Spirituality may be described as an outlook, a way of living, that promotes harmony within as well as harmony with everything external limitlessly as part of the universe.

Spirituality is best described by the great pronouncement in the Upanishad:

Thath Thwam Asi  (You and the Universe are integral in each other).

The evidences of spirituality in practice are best described by the following examples from Bhagawath Geetha:

  1. The enlightened living of a spiritually evolved person is like a breeze, which by its mere presence spreads the fragrance from the flowers for all to enjoy, in the process also leading to pollination and growth of the plants. The breeze itself neither recognizes the fragrance, pollination or even its own impact on such effects.
  2. Spiritually enlightened persons live like a lotus plant, which, while living all the time in the pool of water, does not get attached to it, as seen by the droplet of water, dancing in its expansive leaf.

Lao Tsu, the Chinese Philosopher of 6th Century B.C said,

  • Best of leaders are those who help others accomplish their objectives;  When finished others say that they did it by themselves.
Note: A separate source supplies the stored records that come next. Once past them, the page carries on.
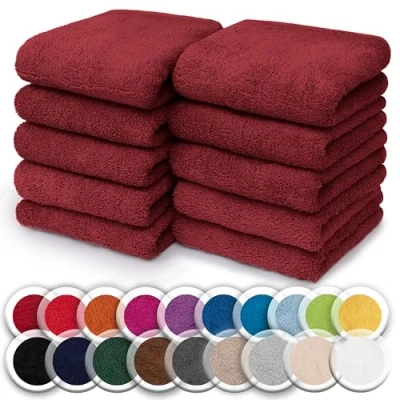 Abbildung von NatureMark Seiftuch Frottier Seiftücher 10er Pack 30x30cm, 100% Baumwolle, (10 St), Waschlappen Seiflappen 30 x cm, Bordeaux rot
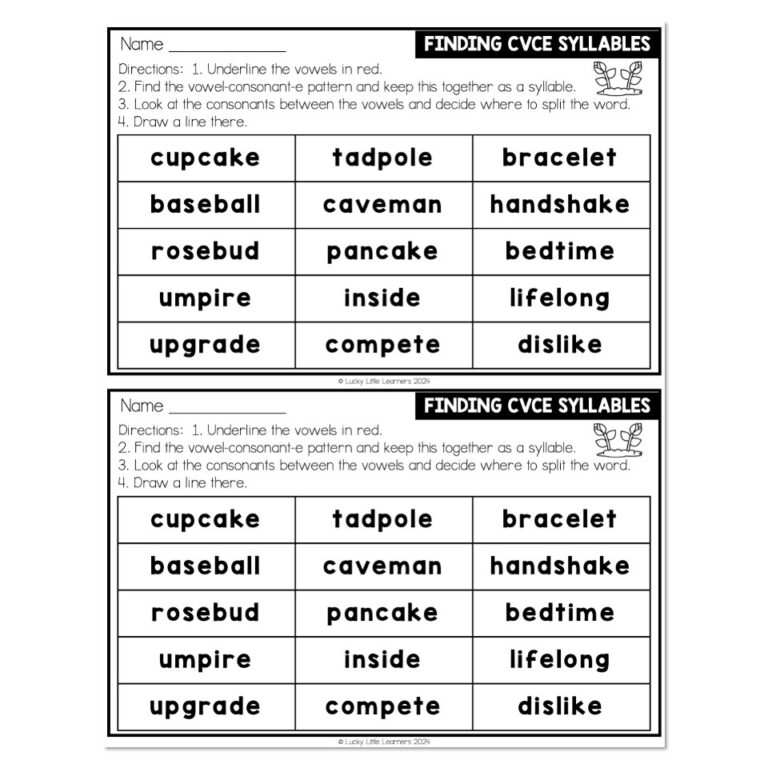 Lucky to Learn Phonics - Syllables - Silent E Syllables - Half-Pager ...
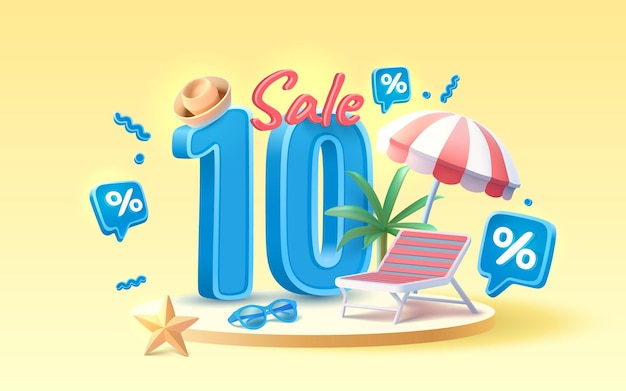 Zomertijd banner verkoop 10 Percentage parasol met ligstoel voor ontspanning zonnebril kust vakantie scène Vector illustratie
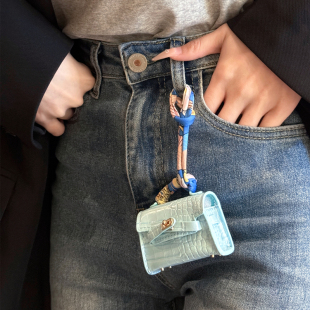 创意挂件 凯莉包包适用苹果 AirPods 4保护套airpodsPro2 3代苹果无线蓝牙耳机套AirPods3鳄鱼纹皮革网红个性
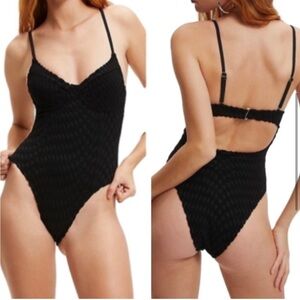 New Good American Black Jacquard Show Off One Piece Swimsuit Underwire Sz 5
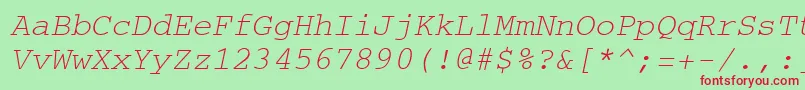 Шрифт CourierItalic – красные шрифты на зелёном фоне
Do we need “Spirituality”? 

Spirituality is an innate quality in all of us. Philosophers would say that the universe exists in a spiritual harmony. What inhibits us and hence the need for constant discovery of this harmony, is our individual perspective.  Our choices and preferences in our thoughts limit our ability to see beyond such choices. Much of our experience – acquired through the Body, Mind and Intellect – are a measure of our Spirituality. Our inner agony and hence a lack of true inner contentment, arises out of our unwillingness or lack of emphasis, to explore the matter or subject on hand, with an attunement for spirituality. On the other hand, true inner peace experienced within and a harmonious existence with outside are evidences of spirituality in practice.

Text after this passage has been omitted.